Originally set to premiere this month at the Mayfair Hotel where it was filmed, the documentary’s filmmaker and creator Manny Soto said he had to postpone the premiere until film festivals and viewing parties are safe to attend again, eyeing the 38th annual Miami Film Festival set for October as one of the platforms for a debut.
“It was a very traumatic time in our lives because we had to leave everything that we knew behind, including our lifestyle and in most cases family,” said Mr. Soto, who left Cuba Sept. 22, 1962 with his parents at age five.

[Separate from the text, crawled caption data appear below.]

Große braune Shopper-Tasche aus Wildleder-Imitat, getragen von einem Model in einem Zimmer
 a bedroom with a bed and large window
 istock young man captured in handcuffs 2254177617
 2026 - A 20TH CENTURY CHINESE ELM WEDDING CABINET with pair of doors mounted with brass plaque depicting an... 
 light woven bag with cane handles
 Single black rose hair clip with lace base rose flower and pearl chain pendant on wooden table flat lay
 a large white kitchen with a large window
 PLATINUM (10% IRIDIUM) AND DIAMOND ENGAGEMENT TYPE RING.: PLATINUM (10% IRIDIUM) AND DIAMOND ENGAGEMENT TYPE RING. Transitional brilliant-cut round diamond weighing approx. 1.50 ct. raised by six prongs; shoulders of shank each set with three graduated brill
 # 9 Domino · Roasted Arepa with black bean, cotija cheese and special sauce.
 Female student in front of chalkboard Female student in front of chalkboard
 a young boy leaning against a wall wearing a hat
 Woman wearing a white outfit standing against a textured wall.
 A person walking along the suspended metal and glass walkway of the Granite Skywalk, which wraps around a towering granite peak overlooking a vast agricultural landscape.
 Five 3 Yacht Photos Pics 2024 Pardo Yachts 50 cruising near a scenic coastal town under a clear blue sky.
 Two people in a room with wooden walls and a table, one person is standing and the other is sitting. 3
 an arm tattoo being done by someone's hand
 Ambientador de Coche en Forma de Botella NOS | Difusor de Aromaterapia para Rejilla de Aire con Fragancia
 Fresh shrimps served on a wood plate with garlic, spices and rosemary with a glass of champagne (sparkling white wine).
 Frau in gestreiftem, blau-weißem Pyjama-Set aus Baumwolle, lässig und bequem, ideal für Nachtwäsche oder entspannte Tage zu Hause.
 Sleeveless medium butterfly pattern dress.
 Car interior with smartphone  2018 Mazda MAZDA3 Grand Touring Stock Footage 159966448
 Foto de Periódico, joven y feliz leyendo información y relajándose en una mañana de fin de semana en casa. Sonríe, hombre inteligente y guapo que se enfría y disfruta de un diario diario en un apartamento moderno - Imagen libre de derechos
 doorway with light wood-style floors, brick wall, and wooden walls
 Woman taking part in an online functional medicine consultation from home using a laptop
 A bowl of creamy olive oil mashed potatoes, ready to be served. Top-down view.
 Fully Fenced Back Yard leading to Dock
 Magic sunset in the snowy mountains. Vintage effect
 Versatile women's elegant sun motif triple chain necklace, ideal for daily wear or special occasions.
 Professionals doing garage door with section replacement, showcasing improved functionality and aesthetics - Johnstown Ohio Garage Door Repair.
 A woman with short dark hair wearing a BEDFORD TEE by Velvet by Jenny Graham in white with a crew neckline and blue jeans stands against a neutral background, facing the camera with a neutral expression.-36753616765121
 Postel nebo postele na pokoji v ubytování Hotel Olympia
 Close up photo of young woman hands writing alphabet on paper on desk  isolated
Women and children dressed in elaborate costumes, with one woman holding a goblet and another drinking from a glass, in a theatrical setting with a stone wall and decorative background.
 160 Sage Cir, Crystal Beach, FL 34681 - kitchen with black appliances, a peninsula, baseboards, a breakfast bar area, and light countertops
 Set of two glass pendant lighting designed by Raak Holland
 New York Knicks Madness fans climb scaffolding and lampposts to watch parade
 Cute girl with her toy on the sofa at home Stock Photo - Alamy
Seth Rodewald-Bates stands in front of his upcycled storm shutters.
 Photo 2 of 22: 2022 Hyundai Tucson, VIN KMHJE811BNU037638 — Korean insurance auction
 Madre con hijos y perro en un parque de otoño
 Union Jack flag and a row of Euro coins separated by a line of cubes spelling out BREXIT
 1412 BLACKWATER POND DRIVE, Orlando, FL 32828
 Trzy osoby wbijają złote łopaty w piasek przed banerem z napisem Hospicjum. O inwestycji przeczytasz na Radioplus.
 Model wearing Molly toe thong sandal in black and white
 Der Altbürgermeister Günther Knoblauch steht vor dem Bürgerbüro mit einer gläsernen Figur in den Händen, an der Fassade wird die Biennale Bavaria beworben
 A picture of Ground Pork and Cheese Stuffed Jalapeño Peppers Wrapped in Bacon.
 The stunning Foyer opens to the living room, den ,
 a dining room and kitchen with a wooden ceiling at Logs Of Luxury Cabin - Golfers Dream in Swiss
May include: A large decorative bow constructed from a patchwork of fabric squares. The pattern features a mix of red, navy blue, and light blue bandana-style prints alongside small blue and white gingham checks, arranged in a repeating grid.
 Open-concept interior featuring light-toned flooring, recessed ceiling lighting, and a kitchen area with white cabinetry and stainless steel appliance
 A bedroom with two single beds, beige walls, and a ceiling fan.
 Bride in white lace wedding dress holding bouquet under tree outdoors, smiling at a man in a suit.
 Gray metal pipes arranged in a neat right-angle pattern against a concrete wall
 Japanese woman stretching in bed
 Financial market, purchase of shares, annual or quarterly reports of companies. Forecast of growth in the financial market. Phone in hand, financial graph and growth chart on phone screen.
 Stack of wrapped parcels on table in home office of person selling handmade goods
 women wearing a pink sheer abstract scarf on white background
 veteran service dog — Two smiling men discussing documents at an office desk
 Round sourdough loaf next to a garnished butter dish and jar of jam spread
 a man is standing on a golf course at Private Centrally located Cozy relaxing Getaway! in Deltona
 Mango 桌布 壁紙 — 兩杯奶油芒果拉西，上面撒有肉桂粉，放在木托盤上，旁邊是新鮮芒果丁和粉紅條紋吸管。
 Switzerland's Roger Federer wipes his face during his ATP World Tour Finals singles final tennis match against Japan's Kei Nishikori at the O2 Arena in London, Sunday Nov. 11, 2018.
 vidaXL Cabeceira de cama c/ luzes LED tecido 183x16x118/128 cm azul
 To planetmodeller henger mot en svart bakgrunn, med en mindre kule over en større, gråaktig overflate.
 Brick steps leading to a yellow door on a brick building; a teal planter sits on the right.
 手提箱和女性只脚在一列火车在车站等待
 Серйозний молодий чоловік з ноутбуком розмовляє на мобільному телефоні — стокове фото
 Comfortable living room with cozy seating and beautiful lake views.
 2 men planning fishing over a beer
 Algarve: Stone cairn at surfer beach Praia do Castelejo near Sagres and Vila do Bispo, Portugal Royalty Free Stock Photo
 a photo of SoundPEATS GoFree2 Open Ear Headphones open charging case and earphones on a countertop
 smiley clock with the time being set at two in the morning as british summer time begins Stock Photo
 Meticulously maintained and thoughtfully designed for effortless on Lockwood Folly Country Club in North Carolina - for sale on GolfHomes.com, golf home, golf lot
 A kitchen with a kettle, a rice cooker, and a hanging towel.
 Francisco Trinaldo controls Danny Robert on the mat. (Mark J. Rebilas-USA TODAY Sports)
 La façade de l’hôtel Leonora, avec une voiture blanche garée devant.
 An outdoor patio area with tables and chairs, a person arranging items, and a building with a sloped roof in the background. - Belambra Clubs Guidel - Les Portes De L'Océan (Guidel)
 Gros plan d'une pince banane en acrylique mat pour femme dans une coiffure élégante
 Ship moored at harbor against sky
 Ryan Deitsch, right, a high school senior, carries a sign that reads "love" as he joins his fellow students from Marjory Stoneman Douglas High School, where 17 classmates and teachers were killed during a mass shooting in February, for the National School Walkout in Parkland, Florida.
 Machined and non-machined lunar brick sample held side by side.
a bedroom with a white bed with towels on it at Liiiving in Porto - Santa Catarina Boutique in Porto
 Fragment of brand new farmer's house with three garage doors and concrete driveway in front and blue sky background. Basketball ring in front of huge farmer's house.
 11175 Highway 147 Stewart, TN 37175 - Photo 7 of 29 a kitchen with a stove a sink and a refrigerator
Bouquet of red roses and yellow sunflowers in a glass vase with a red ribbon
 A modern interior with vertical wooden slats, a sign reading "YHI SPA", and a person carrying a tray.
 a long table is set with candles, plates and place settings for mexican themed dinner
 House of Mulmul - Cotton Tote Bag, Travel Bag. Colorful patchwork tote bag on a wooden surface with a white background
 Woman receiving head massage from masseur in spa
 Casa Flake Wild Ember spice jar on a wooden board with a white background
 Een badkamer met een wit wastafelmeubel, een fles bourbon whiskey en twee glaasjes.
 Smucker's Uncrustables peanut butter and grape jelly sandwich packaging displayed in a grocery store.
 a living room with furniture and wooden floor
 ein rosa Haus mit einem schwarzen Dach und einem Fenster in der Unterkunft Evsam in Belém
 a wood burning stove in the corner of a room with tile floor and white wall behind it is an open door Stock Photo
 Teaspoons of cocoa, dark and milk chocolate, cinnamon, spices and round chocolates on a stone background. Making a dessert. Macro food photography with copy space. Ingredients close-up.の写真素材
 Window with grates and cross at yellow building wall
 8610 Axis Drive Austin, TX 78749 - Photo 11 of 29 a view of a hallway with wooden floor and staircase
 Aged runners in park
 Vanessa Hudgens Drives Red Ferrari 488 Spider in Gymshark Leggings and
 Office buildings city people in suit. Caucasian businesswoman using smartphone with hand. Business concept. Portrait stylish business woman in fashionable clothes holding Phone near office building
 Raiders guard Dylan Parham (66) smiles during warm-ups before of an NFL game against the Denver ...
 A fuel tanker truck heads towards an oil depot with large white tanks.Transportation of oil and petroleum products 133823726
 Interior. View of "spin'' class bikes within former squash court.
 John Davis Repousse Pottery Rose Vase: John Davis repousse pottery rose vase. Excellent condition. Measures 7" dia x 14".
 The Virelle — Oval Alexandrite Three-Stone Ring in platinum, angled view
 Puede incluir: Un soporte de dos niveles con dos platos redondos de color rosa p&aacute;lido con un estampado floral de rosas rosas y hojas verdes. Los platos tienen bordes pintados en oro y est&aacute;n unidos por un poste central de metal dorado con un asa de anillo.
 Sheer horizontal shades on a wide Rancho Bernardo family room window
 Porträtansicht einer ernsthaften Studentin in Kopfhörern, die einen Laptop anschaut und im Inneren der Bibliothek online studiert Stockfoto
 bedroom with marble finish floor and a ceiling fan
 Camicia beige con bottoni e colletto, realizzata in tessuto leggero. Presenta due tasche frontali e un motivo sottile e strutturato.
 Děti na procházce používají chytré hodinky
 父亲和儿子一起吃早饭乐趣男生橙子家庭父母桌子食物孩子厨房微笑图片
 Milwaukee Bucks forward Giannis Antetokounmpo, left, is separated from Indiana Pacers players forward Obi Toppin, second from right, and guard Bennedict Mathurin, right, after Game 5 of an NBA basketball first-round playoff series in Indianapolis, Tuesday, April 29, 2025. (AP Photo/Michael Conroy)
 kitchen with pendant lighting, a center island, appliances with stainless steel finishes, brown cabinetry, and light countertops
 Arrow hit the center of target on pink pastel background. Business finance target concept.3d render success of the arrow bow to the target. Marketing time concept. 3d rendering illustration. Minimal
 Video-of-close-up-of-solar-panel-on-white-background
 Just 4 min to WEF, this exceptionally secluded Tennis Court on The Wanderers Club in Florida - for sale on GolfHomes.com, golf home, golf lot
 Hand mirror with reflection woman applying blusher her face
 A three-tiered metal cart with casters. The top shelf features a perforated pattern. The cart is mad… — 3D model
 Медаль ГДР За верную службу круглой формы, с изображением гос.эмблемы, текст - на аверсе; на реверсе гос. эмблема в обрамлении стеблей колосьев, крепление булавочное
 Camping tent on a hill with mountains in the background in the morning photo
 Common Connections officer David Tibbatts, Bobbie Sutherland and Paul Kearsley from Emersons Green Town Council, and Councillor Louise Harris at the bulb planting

Mr. Soto remembers how his newly arrived parents had to wake up early in the morning and try to find work. Some of those jobs were tomato and strawberry pickers and janitorial work. Immigrant Cubans would work 15-20 hours a shift and get paid only 75 cents an hour. “I call them the CEOs of what is Miami today,” he said of how Cubans began to shape Miami with their work ethic and ways of living.
“Many of them would make lines in front of hotel doors in Miami Beach hoping for the manager to yell ‘I need three for work.’ They would work setting up banquet halls and doing janitorial work,” Mr. Soto said.
His Father, Oscar, was a janitor at St. Peter and Paul School, which was the reason he went to that school free for one year, recalling how he was separated from the other American students and isolated with the other Cuban children .“I remember seeing signs on apartments building welcoming pets, but no Cubans,” he added. making it difficult to find a place to call home.
Most of first Cuban immigrants were lawyers, doctor and professionals who had to work extra hard in Miami, while thanking God and feeling grateful they had the opportunity to work, Mr. Soto said, “because they had a family to feed.”
Those were the morals and foundation that was imbedded into Mr. Soto, “to work hard for what you want and your dreams and do not expect a handout.”